[[ Data provided open ]]

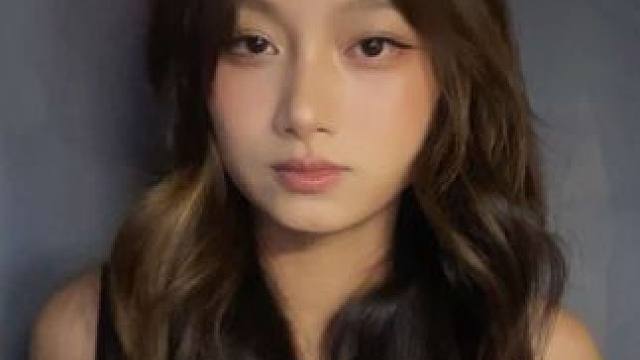 我不要期末粥。
#辣炒年糕反差变装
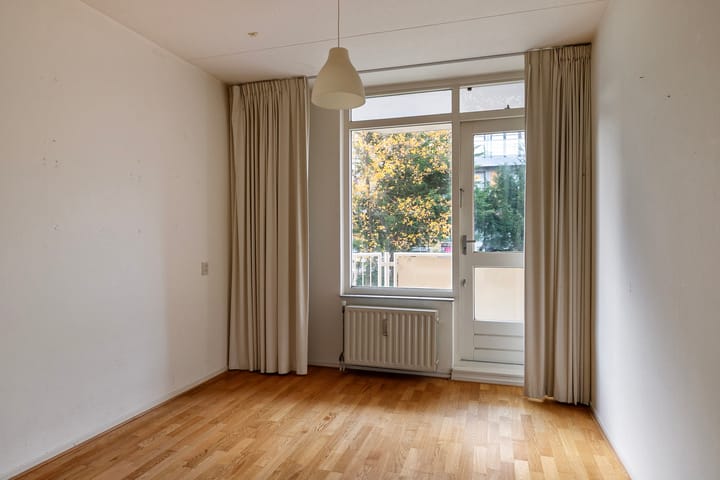 Photo 16 of Van Galenstraat 14-C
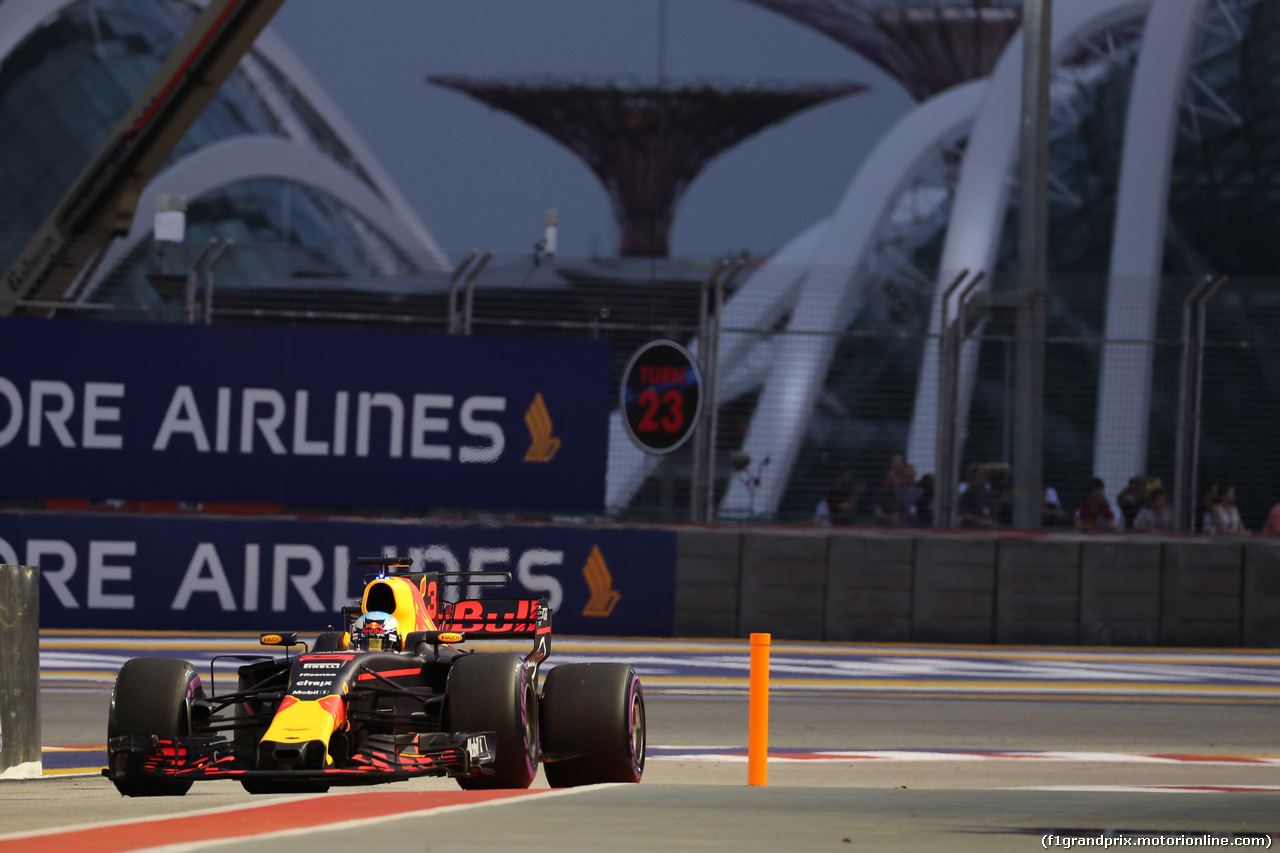 GP SINGAPORE, 16.09.2017 - Prove Libere 3, Daniel Ricciardo (AUS) Red Bull Racing RB13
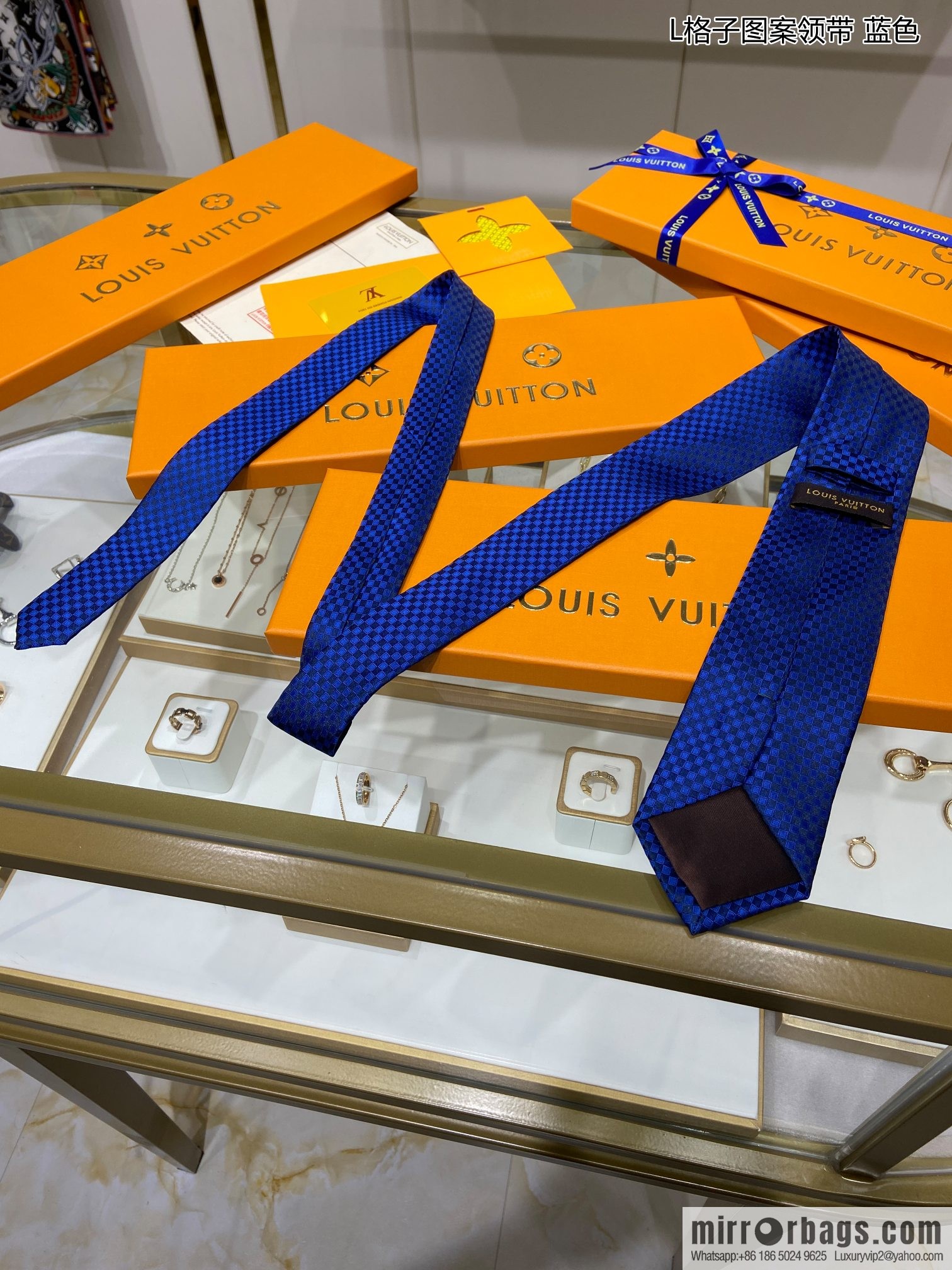 LV Louis Vuitton 100% Top Jacquard Silk L Checked Tie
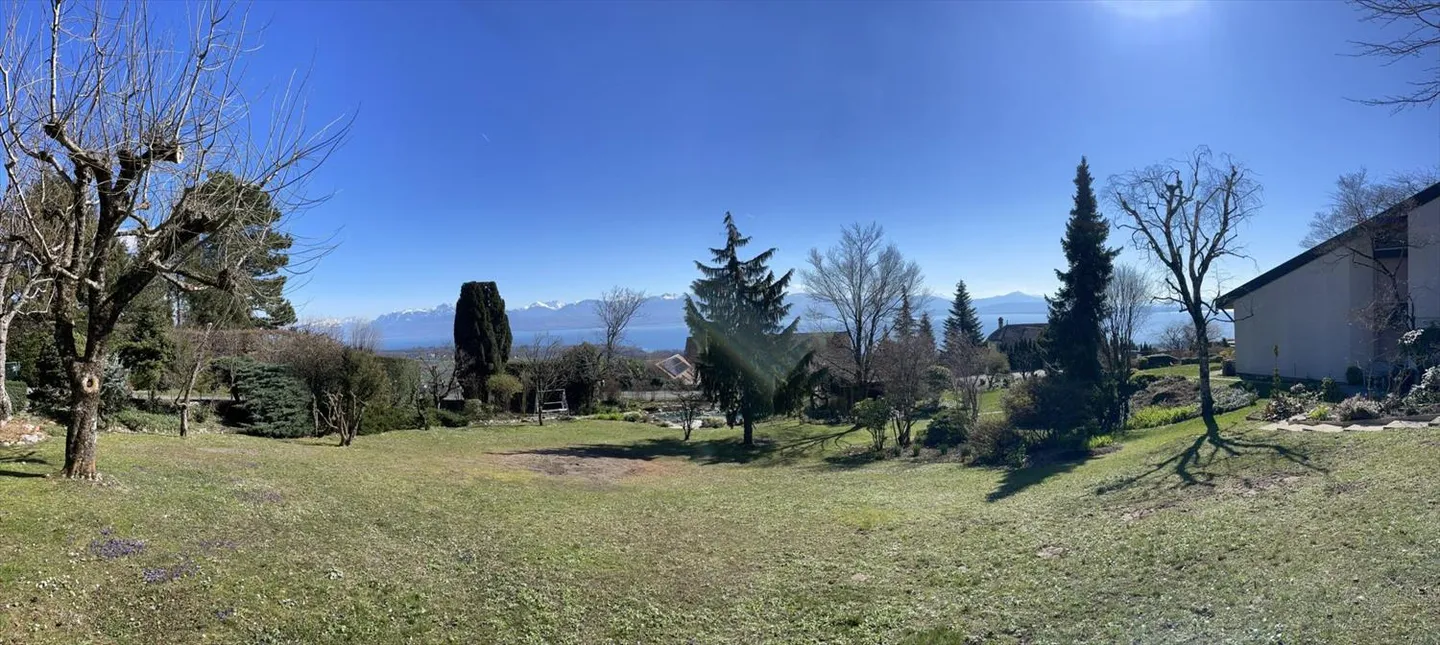 MAGNIFICO TERRENO DA COSTRUIRE DI 1349 m2 IN ZONA VILLA, CON VISTA LAGO - Foto 1 di 5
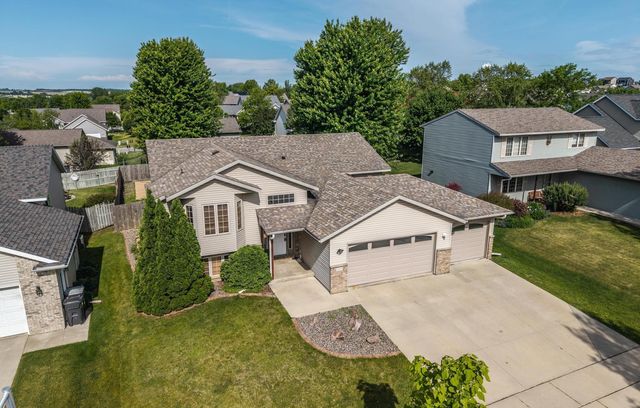3931 Birmingham Lane NW, Rochester, MN 55901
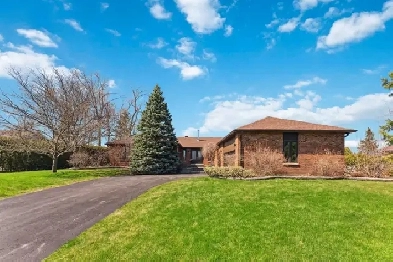 BEAUTIFUL DETACHED BUNGALOW FOR SALE GREELY image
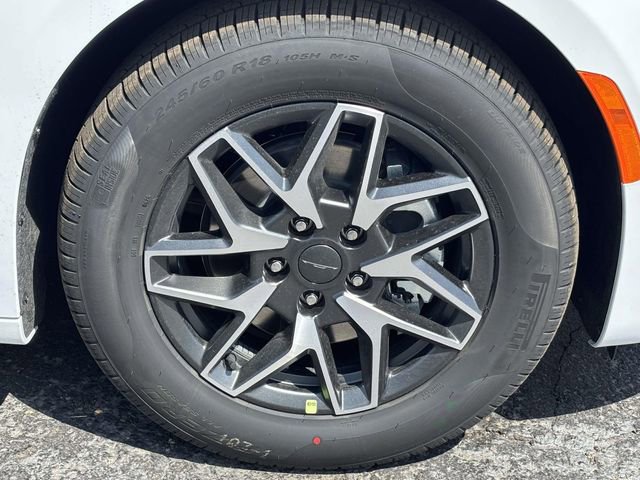 New 2027 Chrysler Pacifica Limited FWD image 31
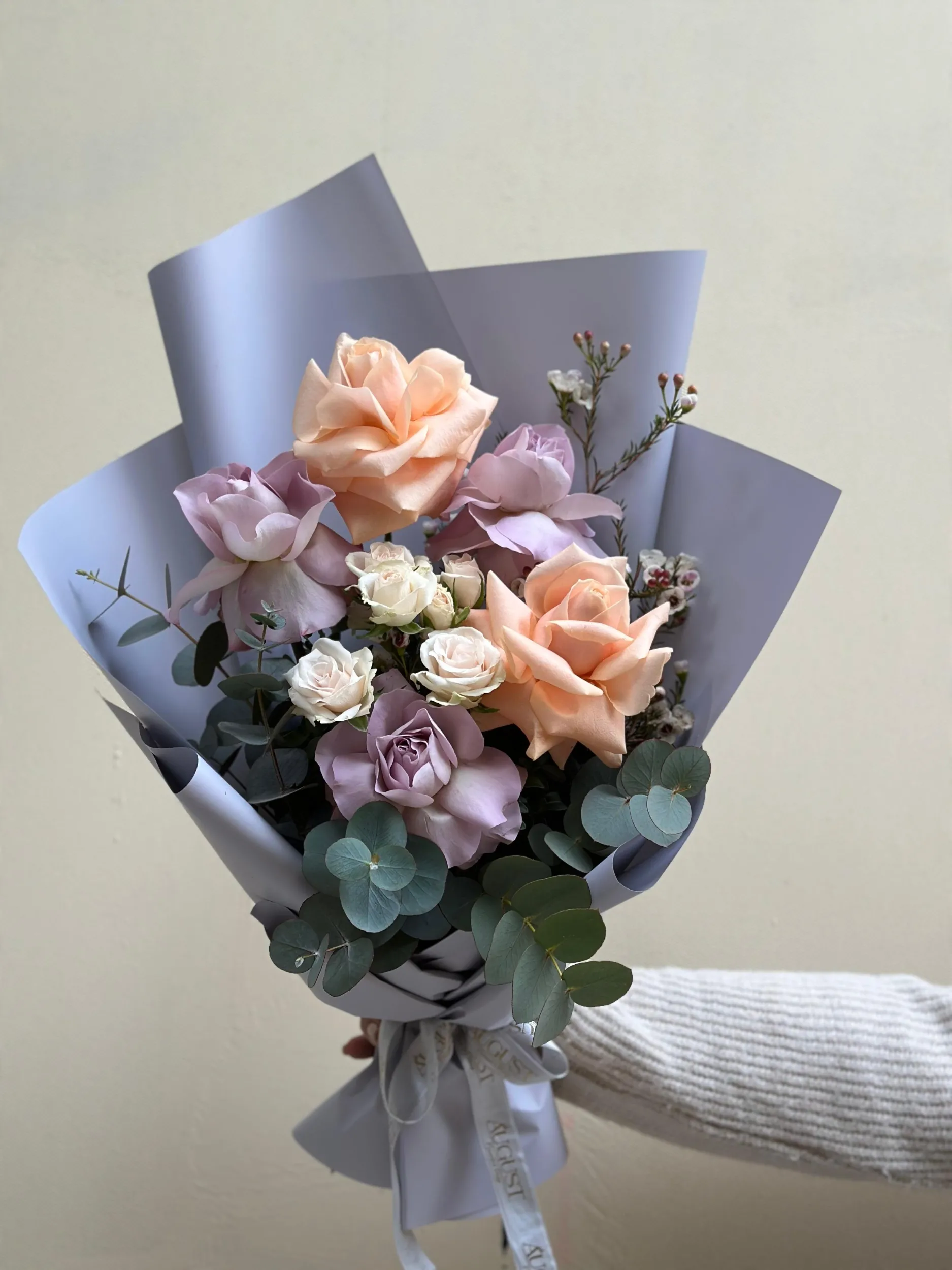 Lüks güller, zambaklar, orkideler, laleler ve daha birçok çeşitten oluşan geniş bir seçkiyi kapsayan çiçek hediyelerimiz, ne kadar önemsediğinizi göstermenin mükemmel yoludur.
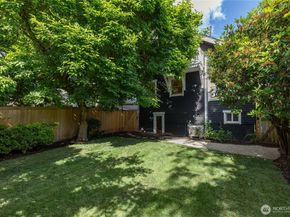 3929 Ashworth Avenue N, Seattle WA 98103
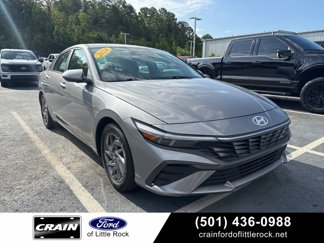 Used 2024 Hyundai Elantra SEL image 1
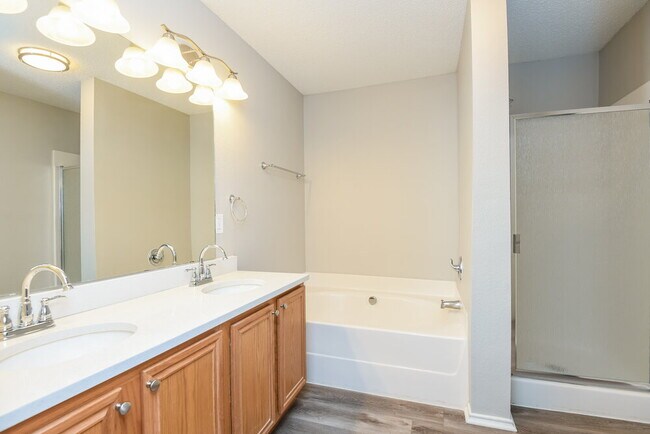 Building Photo - 360 Marsha St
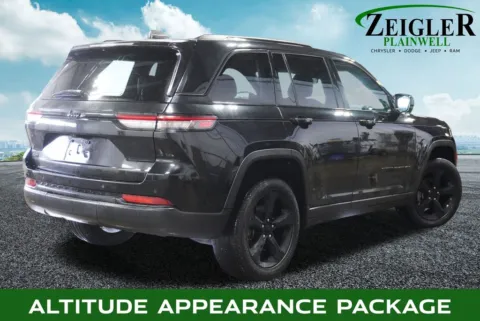 Another view of 2023 Jeep Grand Cherokee Altitude X for sale in Plainwell, MI at Zeigler Chrysler Dodge Jeep Ram of Plainwell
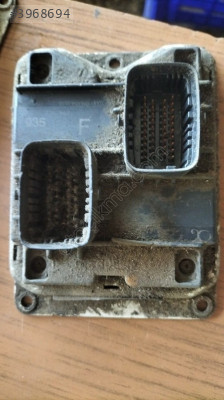 Alfa Romeo motor beyni 00467684690 0261204947 F 1037350390
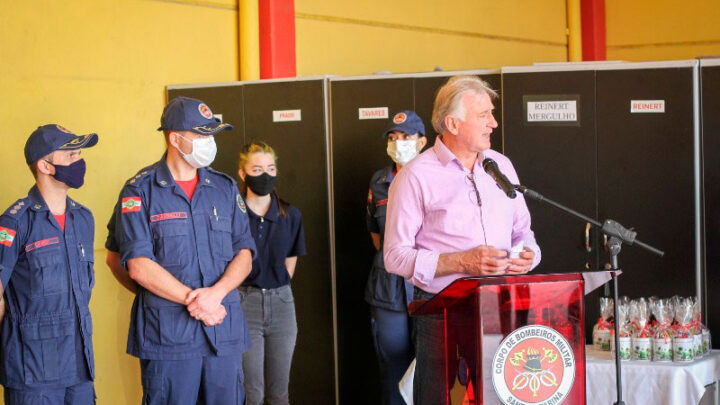 Vice-prefeito de Timbó prestigia solenidade de aniversário do Corpo de Bombeiros Militar no município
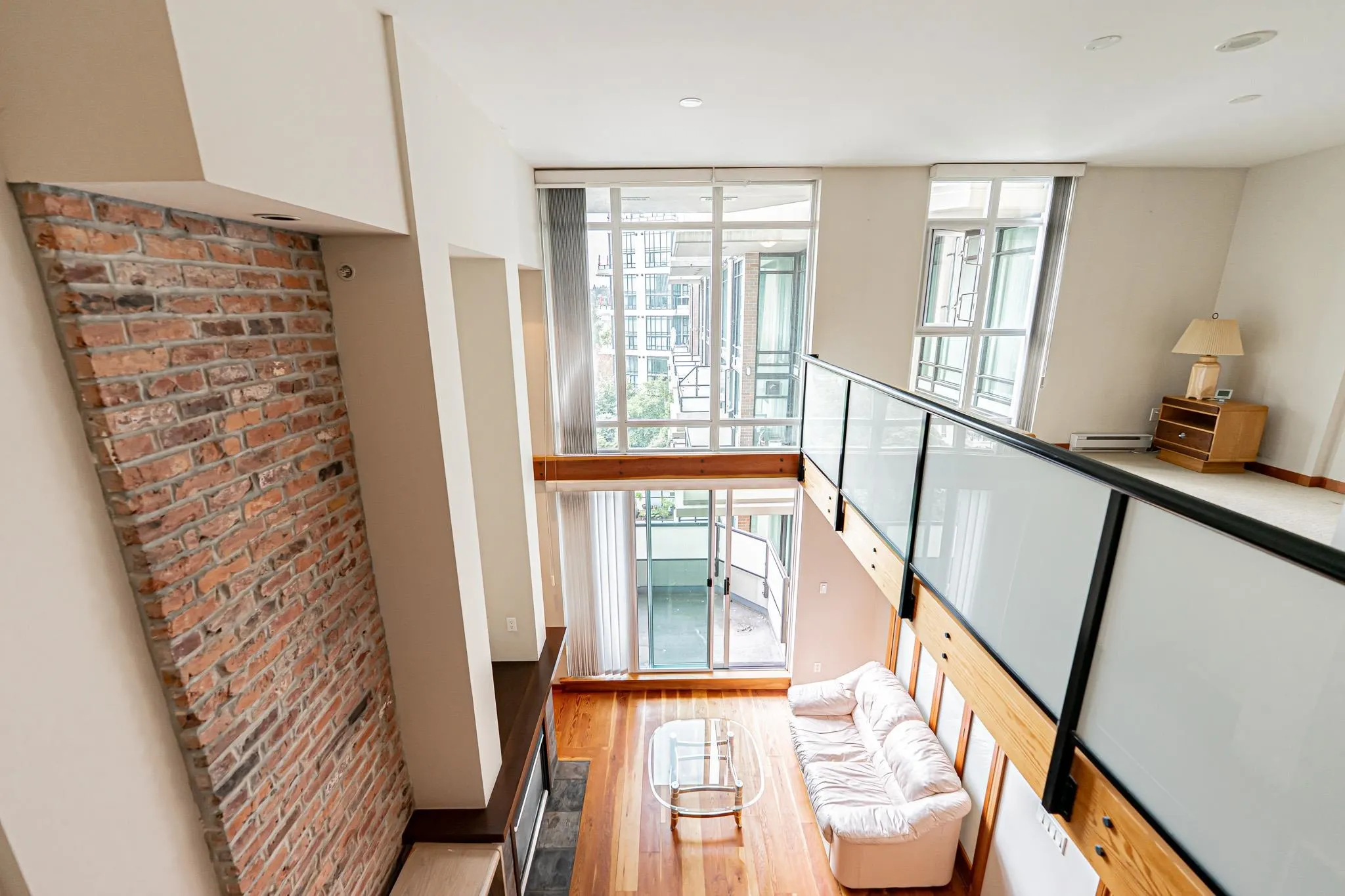 412 10 Renaissance Square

[[ Data provided closed ]]

** What the task asks **
Give again, exactly as written above, every line from the one holding "Building Photo - 360 Marsha St" to the one holding "Alfa Romeo motor", with both ends kept and the pictures left out.

** Written solution **
 Building Photo - 360 Marsha St
 Another view of 2023 Jeep Grand Cherokee Altitude X for sale in Plainwell, MI at Zeigler Chrysler Dodge Jeep Ram of Plainwell
 Alfa Romeo motor beyni 00467684690 0261204947 F 1037350390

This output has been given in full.